MetalRaft: When Zero-Cost Abstractions Become Expensive

“In this project, we ONLY use generic parameters. No dynamic dispatching! ‘Cause we care a lot about performance”, said the architect.

At first glance, this position appears entirely defensible. Zero-cost abstractions are one of Rust’s signature features, and avoiding unnecessary indirection is often the correct engineering choice. Yet, I knew from the start that such blanket statements always hide surprises. In other words, the statement does not address whether “zero-cost” applies beyond runtime performance, nor how those trade-offs evolve as a system grows in scope and abstraction depth.

The Experiment Setup

Months later, when I deliberately decided to explore multiple architectural variations for a well-known and sufficiently complex system in Rust, the statement came back to my mind, and I set out to build this project by fully adhering to it. The intent was clear: Show that after a specific project size is reached, the principle of diminishing returns kicks in hard and by the time the next threshold is crossed, the approach reaches its natural limits and shows its true colours. I intended to find these two thresholds.

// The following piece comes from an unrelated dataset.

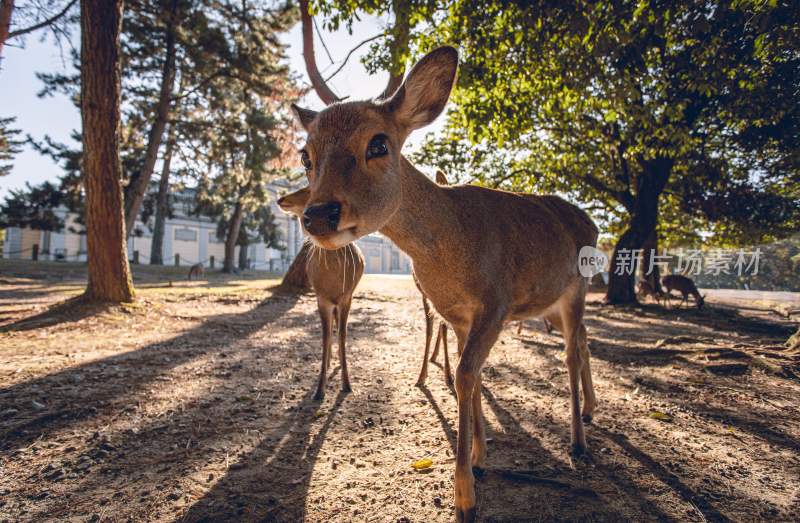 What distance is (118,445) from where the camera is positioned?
8.96 ft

The system in question is Raft; the inspiration came from a famous MIT course, but instead of stopping at a minimal implementation, I intentionally wanted to build a fully-fledged Raft node, targeting no-std and Embassy, to validate correctness, portability, and architectural sustainability. I also intended to hit additional targets, such as:

• infrastructure-free validation

• adversarial and imperative testing

• no-std viability

• shared core implementation

• plug-in architecture for the storage and transport layers

Additionally, I wanted to be able to build two radically different test applications, both based on the same shared core implementation of the algorithm:

1. A Raft mini cluster made up of 5 nodes relying on the following infrastructure: strict no-std, Embassy executor, UDP as transport mechanism, semihosting-based storage, and QEMU simulator

2. A fully-fledged cluster running in the cloud, implemented with an infrastructure to be defined later

The very first fundamental block of this experiment was the implementation of the core algorithm in a strictly controlled environment, providing almost no infrastructural facilities. In Rust, it is possible to set up such an environment in a clear-cut way by NOT adding any dependencies, and by making extensive use of traits with associated types. This makes the system abstract, infrastructure-agnostic, and ultimately bare.

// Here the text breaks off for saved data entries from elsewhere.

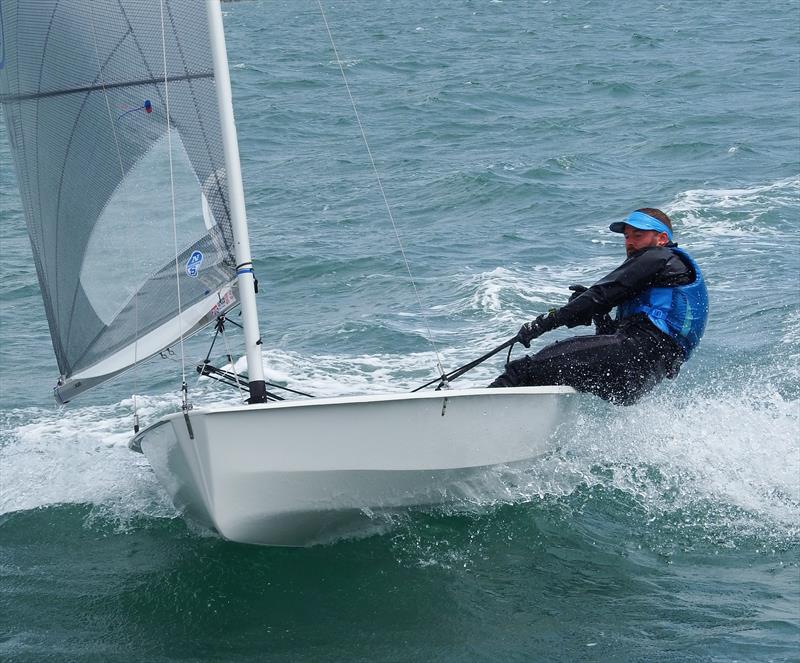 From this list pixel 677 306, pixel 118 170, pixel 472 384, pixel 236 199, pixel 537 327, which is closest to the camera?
pixel 236 199

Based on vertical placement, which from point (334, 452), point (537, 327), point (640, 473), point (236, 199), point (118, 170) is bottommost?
point (640, 473)

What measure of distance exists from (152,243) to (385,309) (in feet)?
16.0

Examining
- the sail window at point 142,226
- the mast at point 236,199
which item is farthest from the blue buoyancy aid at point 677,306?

The second pillar of the approach was to create the most convenient test bed for such a core implementation. Given the nature of the core algorithm, the most convenient and technology-free instantiation of the traits consisted of memory-based stubs: in-memory storage and cache built with hash maps, in-memory transport built with channels, collections built with simple vectors and sorted hash maps. Raft involves time-based triggering events. In order to have full-control of them, mocking the time service also became required.

Having this in place, the two-pronged attack could start by alternating between adding features to the core with the creation of imperative tests and vice versa. The first target was the election functionality, which could be implemented in a reasonable amount of time and without too many surprises. The obvious second target was the so-called log replication. This required a significantly higher number of iterations and complexity, most especially to programmatically test error scenarios such as network partitioning.

First Threshold: 6 Generic Parameters

By the time this was completed, my code base looked compact, well-organized, and clean; moreover, I had a consistent body of stable integration tests that could be run in less than half a second. Nonetheless, my “raft_node” already had 6 generic parameters, its instantiation was verbose, and the methods were somewhat burdened by trait bounds. 

pub struct RaftNode<T, S, P, SM, TS, O>

where

    P: Clone,

    T: Transport<Payload = P, LogEntries = L, ChunkCollection = CC>,

    S: Storage<Payload = P>,

    SM: StateMachine<Payload = P>,

    TS: TimerService,

    O: Observer<Payload = P, LogEntries = L, ChunkCollection = CC>,

{...}

In summary, by the time I had implemented the basic Raft features, the architecture started to display the first cracks. That’s why I would tag the number of generic parameters that can be handled reasonably in a class/struct to 6. This is the first threshold I was looking for.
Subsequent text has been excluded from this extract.